In una sorta di “Rumori fuori scena”, al pubblico è visibile il dietro le quinte dove gli attori si preparano al loro ingresso sul palcoscenico, il collettivo Principio Attivo ha messo mano all’ultimo atto de “I giganti della montagna” pirandelliani. Niente a che vedere con le criptiche suggestioni di Roberto Latini. Una patina polverosa di vintage, sapore dei “Sei personaggi”, arie d’opera e tango, valige da deportazione e clima angoscioso di sconfitta e perdita, partenza senza ritorno, atmosfera precaria, come qualsiasi lavoro artistico, e un generale senso di ostilità intorno. Da una parte la platea del teatro presa in ostaggio, come al Dubrovka moscovita, dall’altra, oltre il fondale, un pubblico cattivo, violento, volgare, offensivo, aggressivo, urla da Colosseo e strepiti da bar, pretende il suo divertimento, mangiando e bevendo, panem et circenses. La domanda è per chi oggi gli artisti fanno teatro se la maggior parte della società non cerca la riflessione.

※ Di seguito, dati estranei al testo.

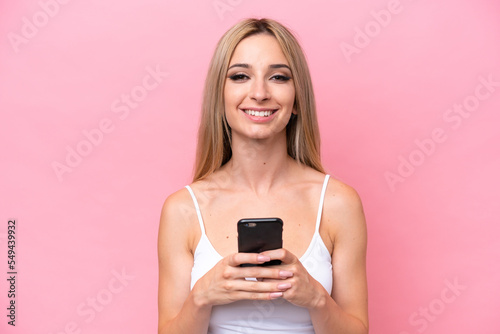 Pretty blonde woman isolated on pink background looking at the camera and smiling while using the mobile
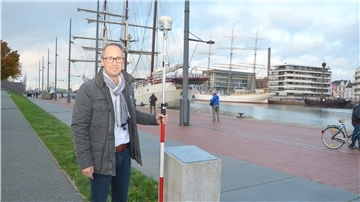 Marc Kewes steht mit einem Vermessungsstab am GPS-Referenzpunkt, den das Vermessungs- und Katasteramt am Neuen Hafen in Bremerhaven eingerichtet hat.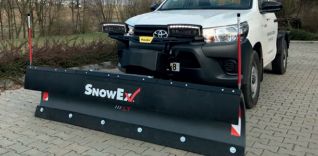 Bílé terénní vozidlo s čelním sněhovým pluhem SnowEx.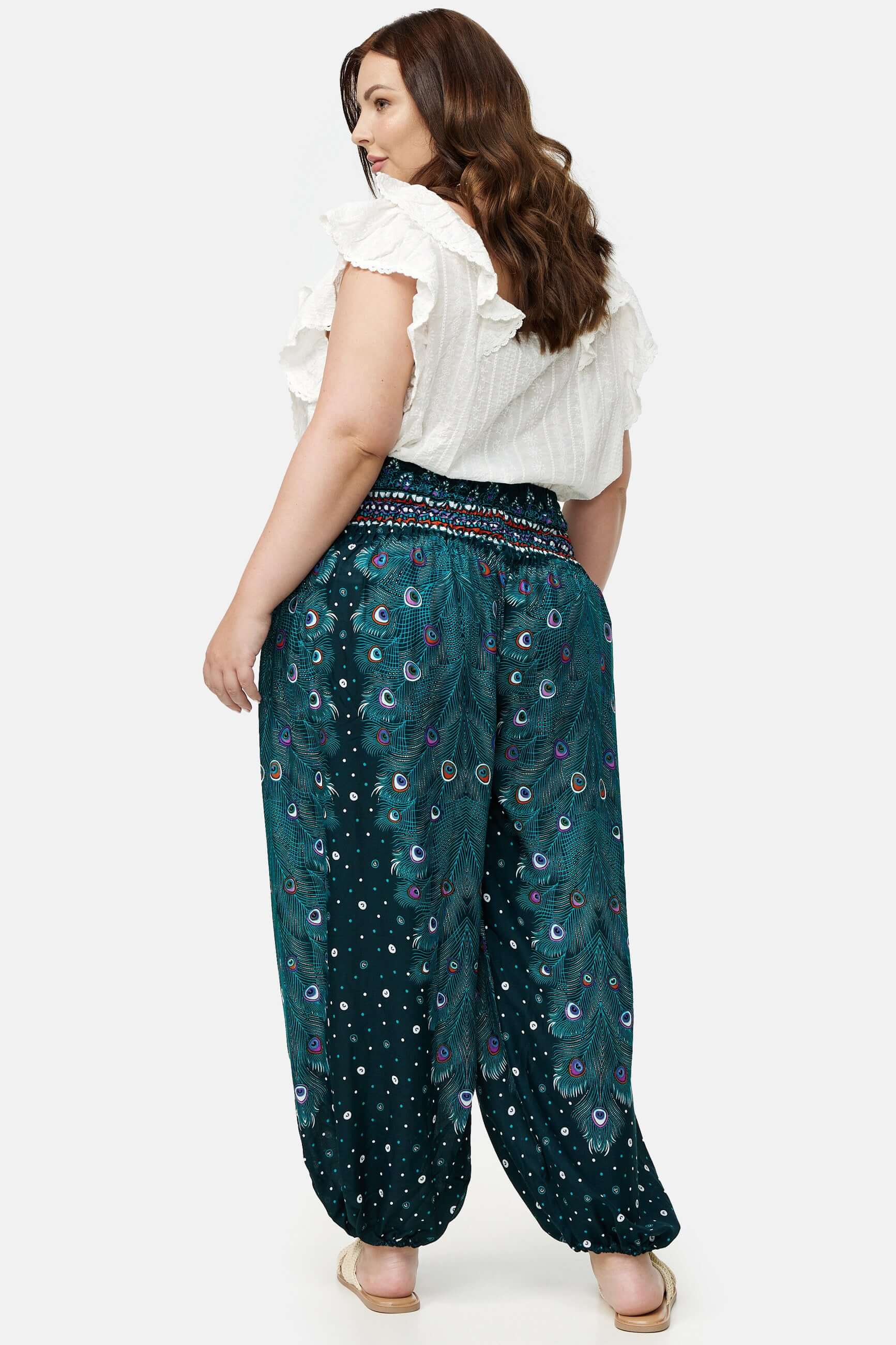 Frau in blau gemusterter Haremshose Grünes Pfauenauge Plus Size von hinten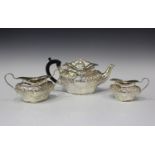An Edwardian silver three-piece tea set, each of ogee baluster form with foliate scrolling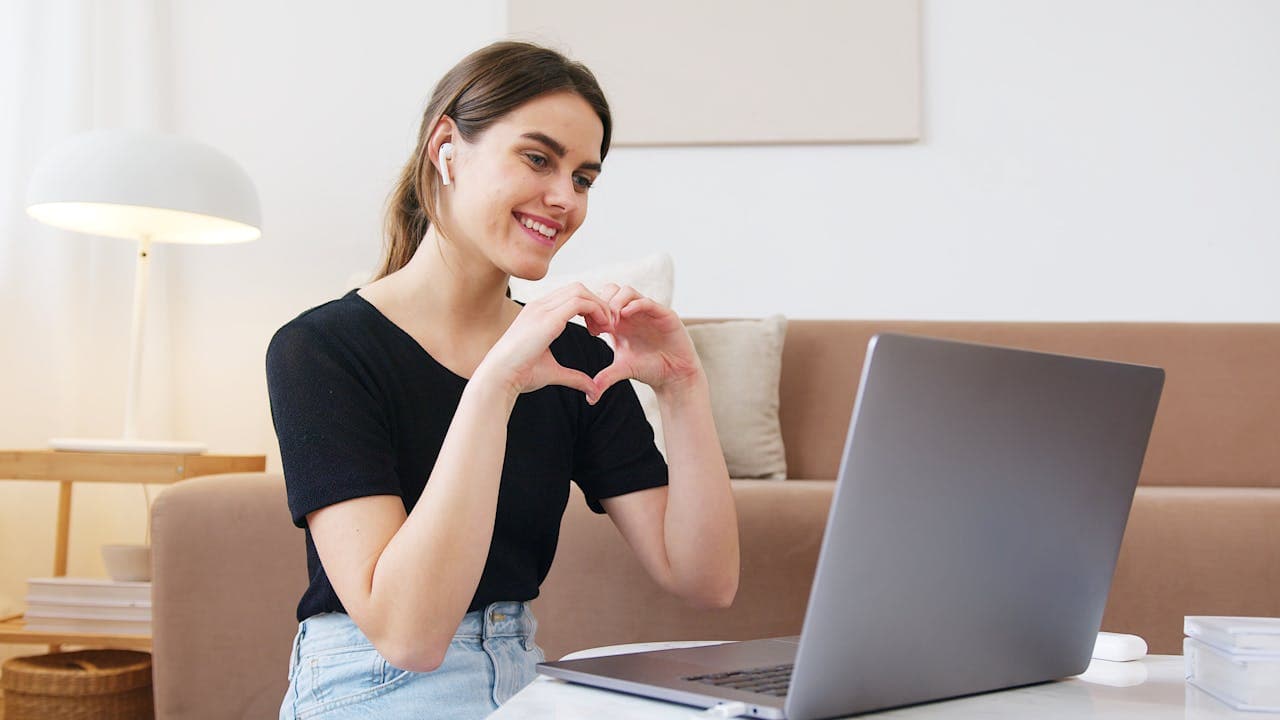 Eine Frau formt ein Herz mit ihren Händen und zeigt es in die Laptopkamera
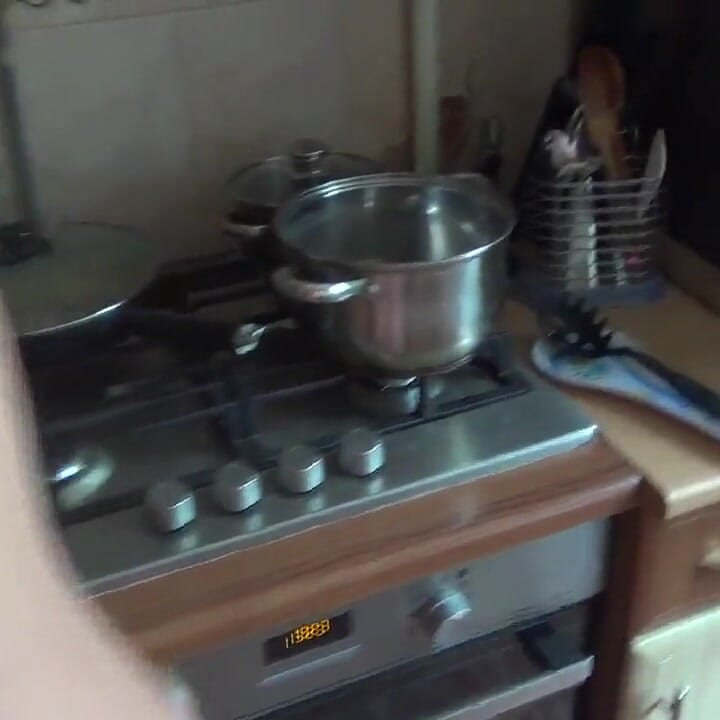 Kate washing in lingeria and high heels the dishes and  clears the sink
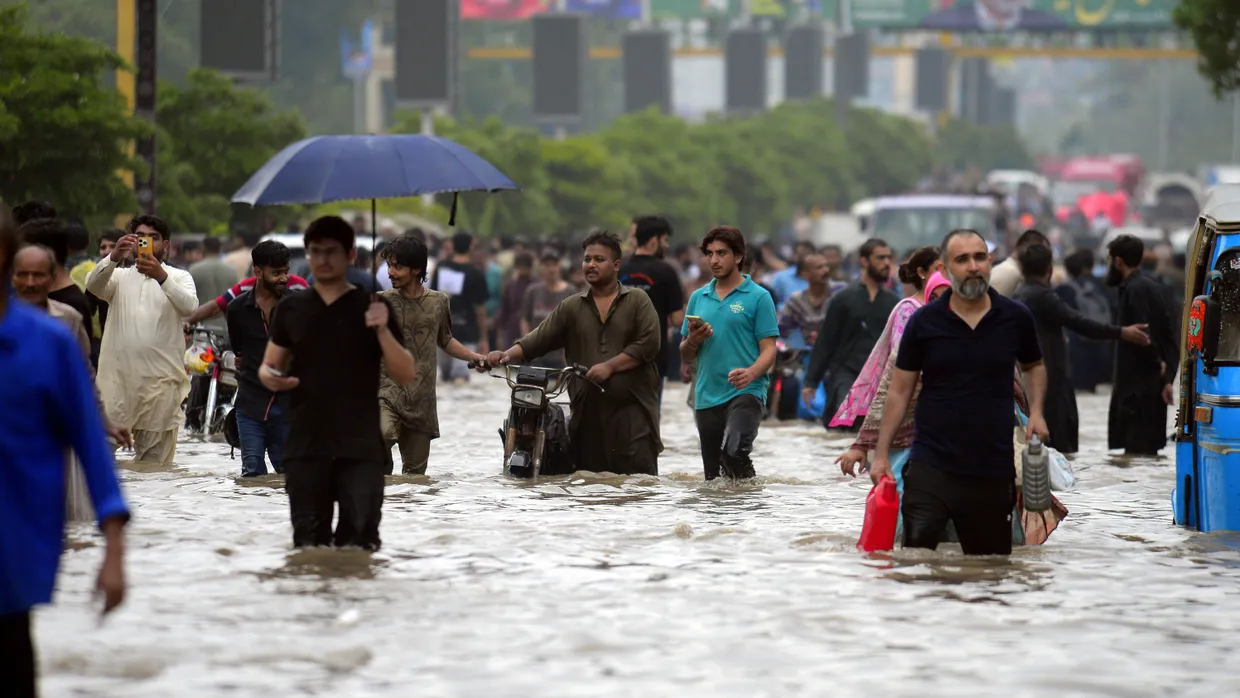 Menschen waten nach starkem Monsunregen durch eine überflutete Straße in Karachi, Pakistan.
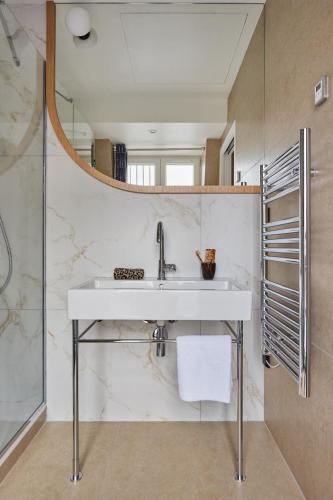 a bathroom with a sink and a mirror at Amiral-Fondary in Paris
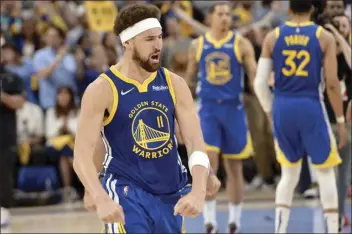  ?? AP photo ?? The Warriors’ Klay Thompson celebrates after Golden State’s 117-116 win over the Grizzlies in Game 1 of their Western Conference semifinal series Sunday.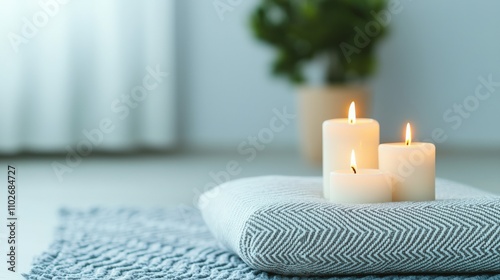 A serene arrangement of lit candles on a soft blanket, creating a calming atmosphere in a softly lit room.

La compagnia, che ci ha preso in ostaggio, è ostaggio essa stessa, chiusa ripassa la parte, intimorita s’affaccia per placare con l’arte l’arena inferocita, il branco che ulula e abbaia in preda alla trance collettiva. Ogni tentativo fallisce in quest’odore di dittatura: l’attrice esperta (Carla Guido, una voce strepitosa che basta dargli corda per far vibrare teatro e anima), la sciantosa, l’uomo con il basco, quello col cilindro, quello col colbacco (l’allunato e sempre sorprendente Dario Cadei), diretti da un mixerista (spassoso Leone Bartolo, intona un inno neomelodico trash in stile Sud Sound System) teatro nel teatro, gioco svelato, finzione scoperchiata. E’ una critica al sistema teatrale, al pubblico sempre più maleducato, “bestie che pensano solo alle noccioline”. La conclusione mesta e pessimista: “Siamo sogni che nessuno sogna più”. Il teatro serve ancora? Noi una risposta ce l’abbiamo. Cercate i teatri sotto i 100 posti dove l’attore lo guardi negli occhi, è lì che nasce il teatro. Cercateli, vi troverete.